====== DATA BELOW
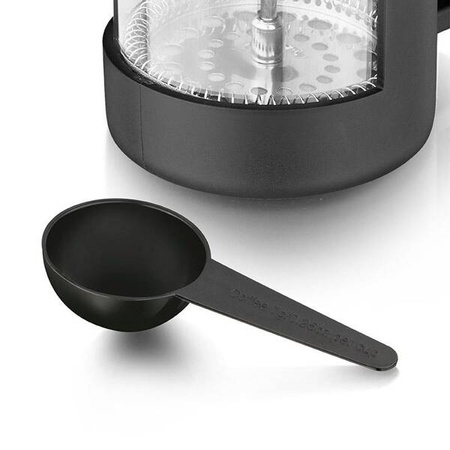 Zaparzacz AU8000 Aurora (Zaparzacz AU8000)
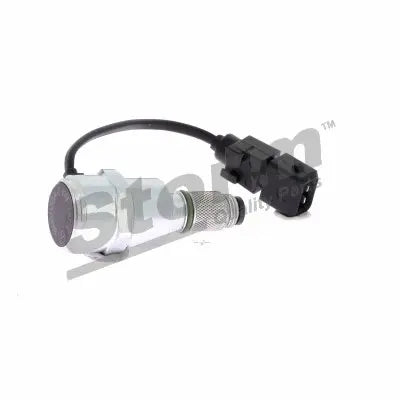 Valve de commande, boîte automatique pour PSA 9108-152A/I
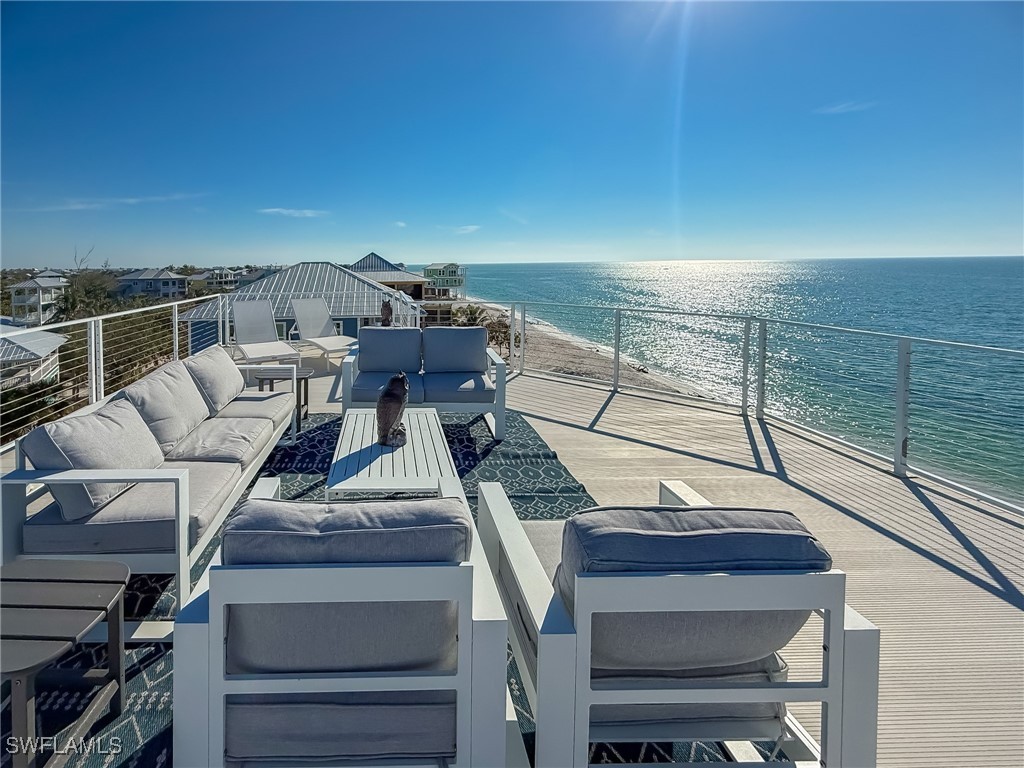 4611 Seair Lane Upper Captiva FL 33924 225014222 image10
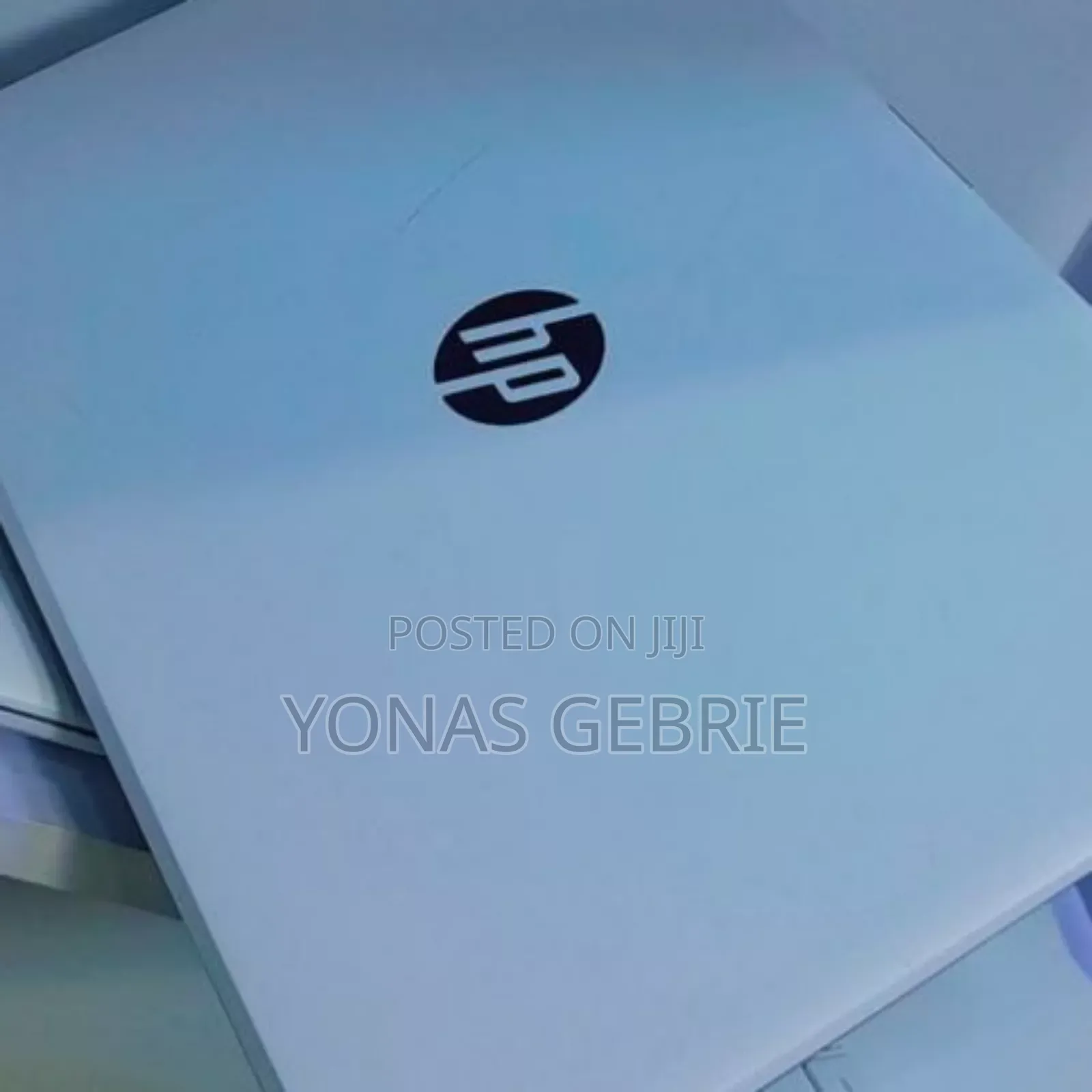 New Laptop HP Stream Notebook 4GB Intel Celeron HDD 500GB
============
TASK OBJECTIVE
No pictures belong in the copy. Retype exactly, and only, the lines from the line containing "Valve de commande, boîte" through the last line of the data, both included.

FINISHED TASK
 Valve de commande, boîte automatique pour PSA 9108-152A/I
 4611 Seair Lane Upper Captiva FL 33924 225014222 image10
 New Laptop HP Stream Notebook 4GB Intel Celeron HDD 500GB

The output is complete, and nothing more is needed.